It has been another busy year for legislators in the United Arab Emirates (‘UAE’), as there has been a number of changes to the regulatory framework in the financial services sector.
This article looks back on some key financial services’ legal and regulatory developments in 2018 and early 2019.
United Arab Emirates
New Banking Law: Federal Law No 14 of 2018
After nearly 40 years, the law which underpins the UAE Central Bank (‘CB’) and the banking industry in the UAE has been replaced. The 1980 Union Law has been repealed and replaced by Federal Law No 14 of 2018 regarding the Central Bank and Organization of Financial Institutions and Activities (‘Banking Law’). The CB regulations currently in place shall remain in full force and effect until new regulations are issued by the CB.
The new Banking Law does not apply to the financial free zones (the Dubai International Financial Centre (‘DIFC’) and the Abu Dhabi Global Market (‘ADGM’)). The Banking Law strengthens the CB’s ability to exercise effective regulatory control over the financial sector in line with international best practices and standards.
Finance Leasing Law: Federal Law No 8 of 2018
The finance lease law which was approved by the UAE’s National Council in 2018 is now in force having been published in the Official Gazette.
The law will be supplemented by a set of implementing regulations applicable to the licensing of finance lease activities in the UAE. The law mandates that the CB regulate lease financing and accordingly the CB shall issue its regulations to licence finance lease activities within the UAE.
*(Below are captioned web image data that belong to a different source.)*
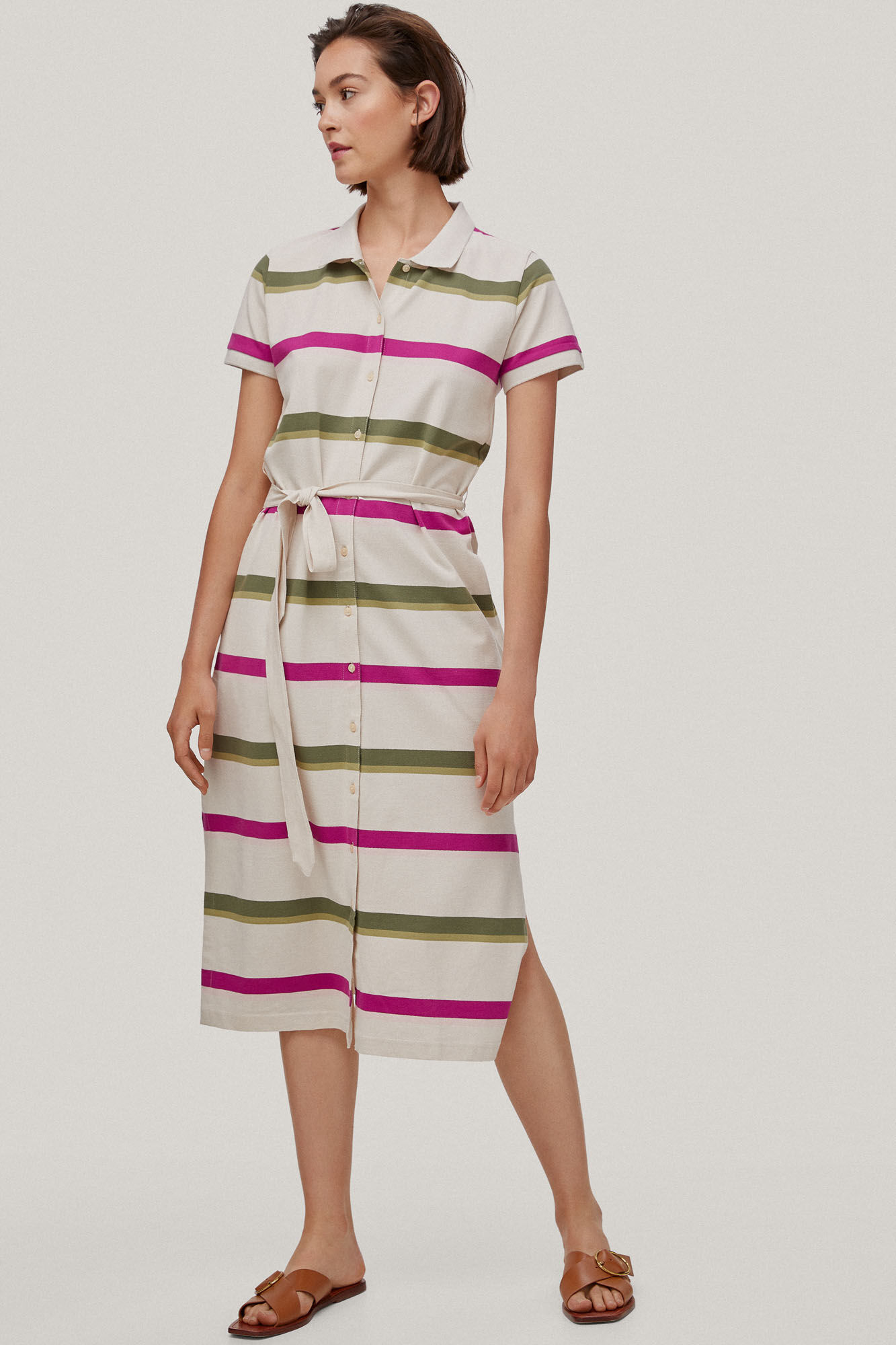 Vestido polo listrado - Vários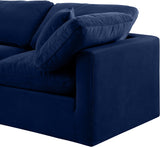 Indulge Navy Velvet Modular Sofa 147Navy-S105 Meridian Furniture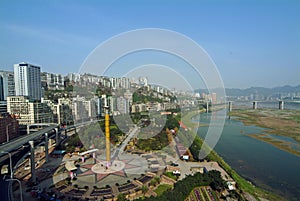 Chongqing, the metropolis Yangtze river photo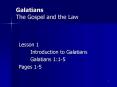 Galatians The Gospel and the Law PowerPoint PPT Presentation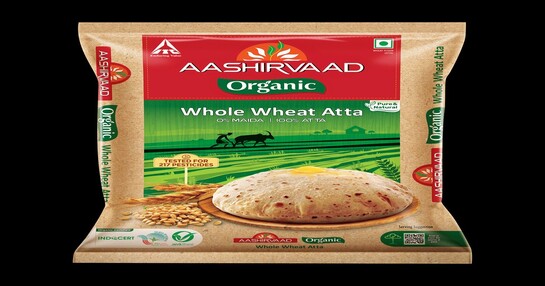 Instamart - Aashirvaad Organic Whole Wheat Atta 1kg (location specific)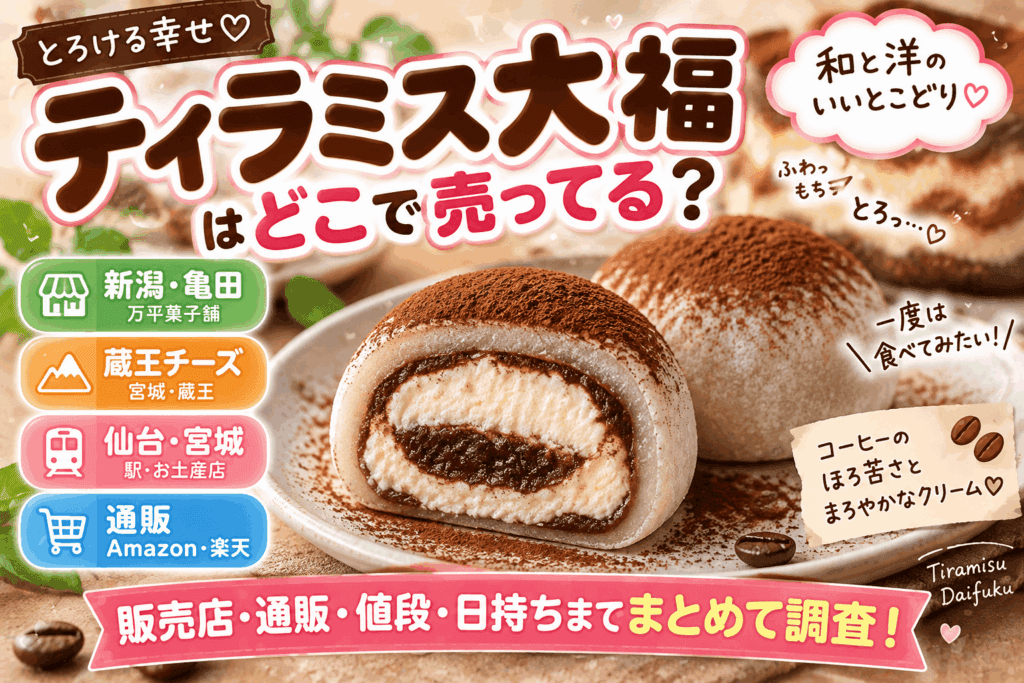ティラミス大福はどこで売ってる?新潟・蔵王・仙台の販売店や通販を調査【2026】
The New AML Law: Federal Law No. 20 of 2018 on Anti-Money Laundering, Combating the Financing of Terrorism and Financing of Illegal Organisations
The new Anti-Money Laundering (‘AML’) law was issued on 30 October 2018 and has introduced more enhancements to the processes already in place for combating money-laundering crimes. These include additional enhanced investigation procedures (including the ability to permit a transaction in order to trace the funds and take action), increased fines and penalties, as well as establishing the process for freezing funds associated with financial crime. As highlighted in the Financial Free Zones section of this Article below, the UAE has been working to enhance its existing AML regime, so it aligns with the 2012 Financial Action Task Force (‘FATF’) Recommendations.
Central Bank Notice on Fees: Central Bank’s circular No. 157/2018
In this circular the CB has set out the maximum caps on fees and charges which can be levied by banks. All fees set out in the circular are exclusive of UAE VAT charges. It appears from the provisions of the circular that banks can charge VAT on top of the maximum caps on the fees set out in the circular. This is unlike the previous position of the CB in an earlier circular in 2017 in which it instructed the UAE banks not to levy VAT on fees and charges and to absorb the tax amounts until receipt of further instructions from the CB.
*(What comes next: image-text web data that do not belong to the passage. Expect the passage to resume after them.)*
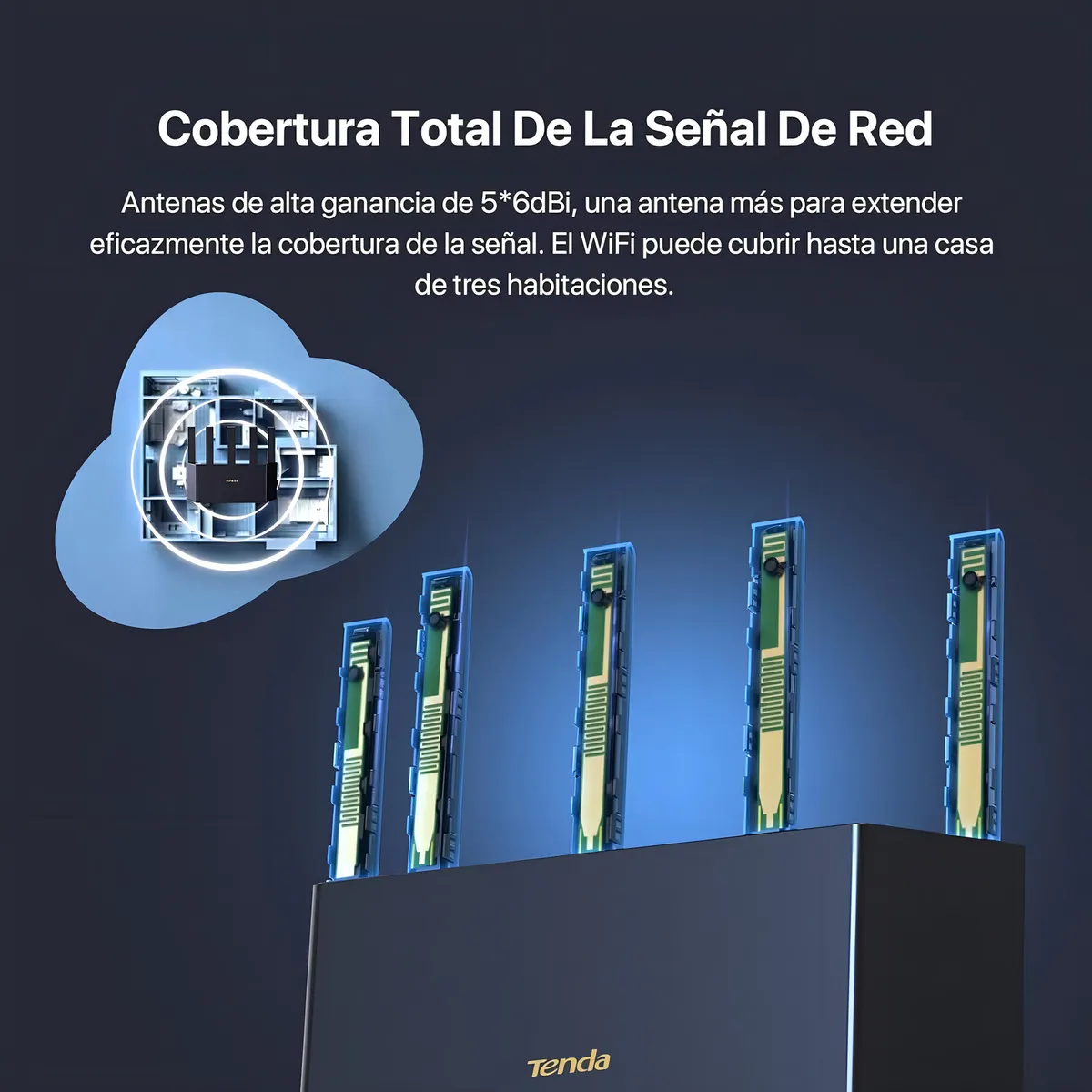 ROUTER DUAL BAND AX1500 TENDA TX2L PRO GIGABIT WIFI 6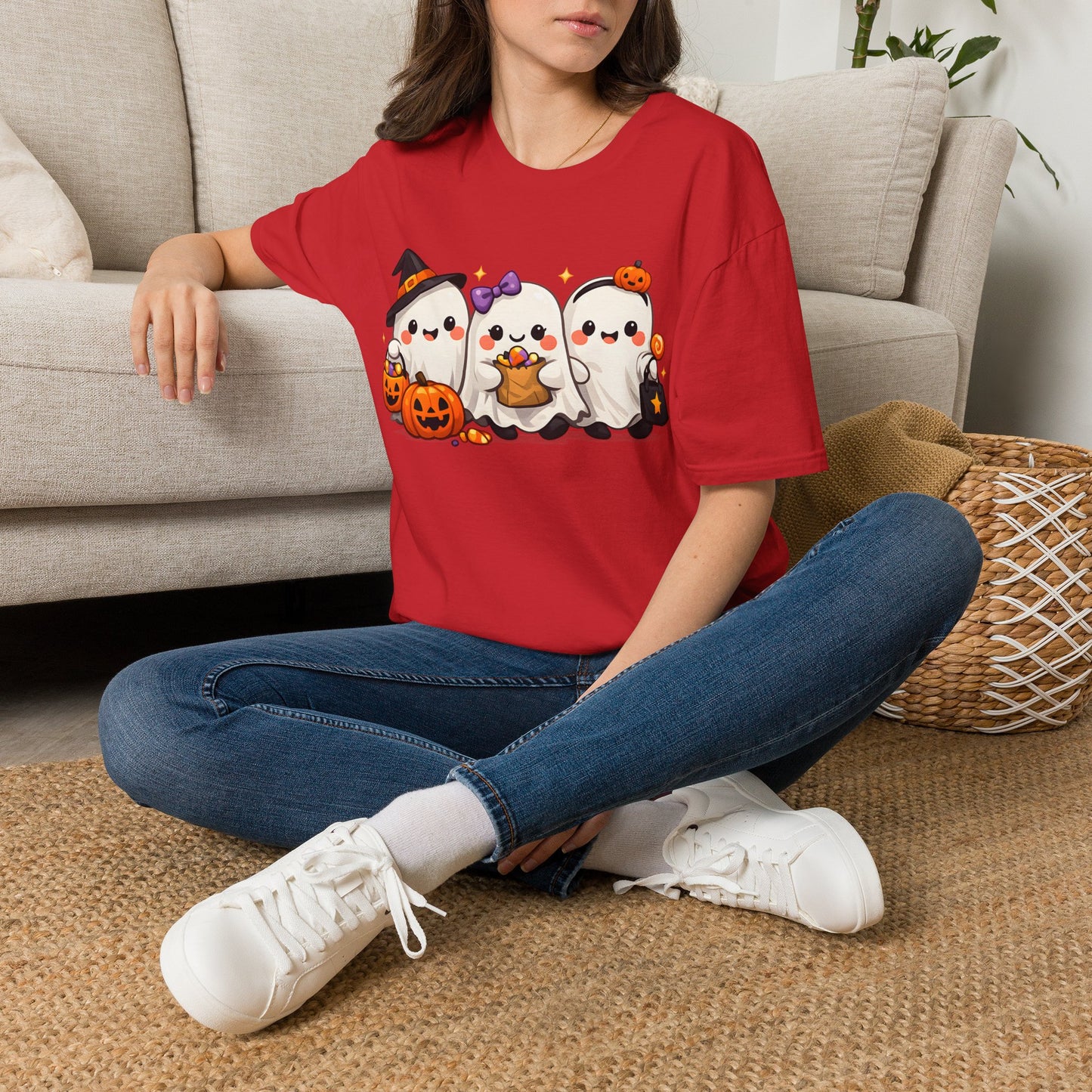 Halloween Ghost Trio Tee - Sapphire - product view 4 - Sapphire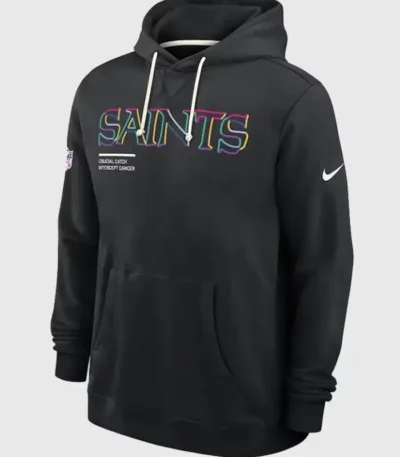 New Orleans Saints Crucial Catch Black Hoodie
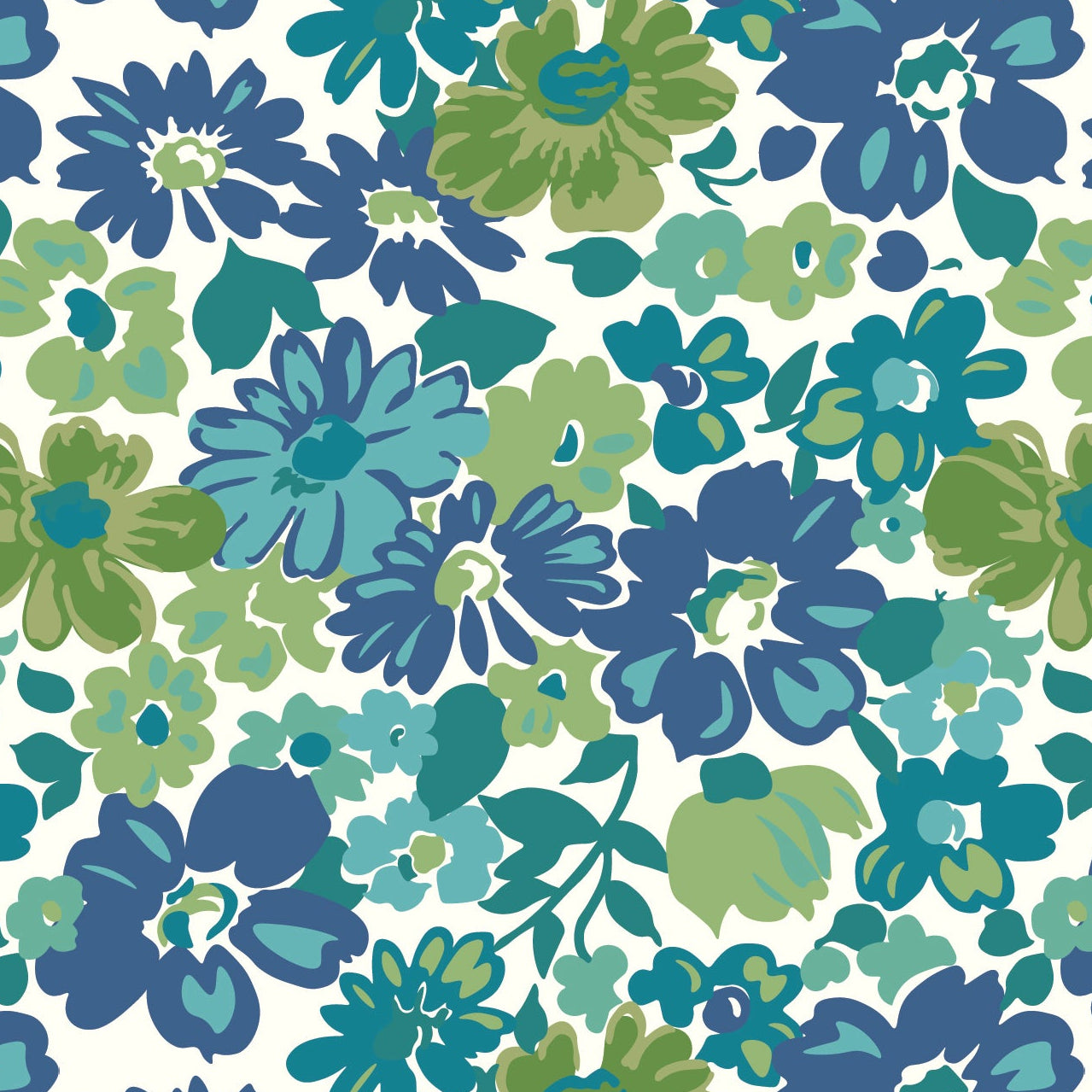 Lori Holt Riley Blake Designs Bee Vintage Mildred C13070-BLUE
Central Bank Dormant Accounts Regulation
For many years banks have been enquiring about the position of dormant accounts held by UAE banks. On 24 April 2018, the CB announced the Dormant Accounts Regulation pursuant to Circular No. 10 of 2018. This regulation explains the handling of dormant accounts and unclaimed balances; and sets out a framework for the control of dormant accounts; and procedures for enabling available balances of those accounts to be received by customers.
Central Bank Finance Companies Regulation
These regulations, issued in April 2018, replace the previous finance company regulations issued in 1996 and finance companies regulations for companies conducting business in accordance with Islamic sharia’a principles issued in 2004. These new regulations encompass Islamic and conventional finance companies and introduce significant regulatory changes to the regulatory requirements applicable to finance companies (including capital requirements) and set out the type of activities permitted to be carried out by a finance company in the UAE.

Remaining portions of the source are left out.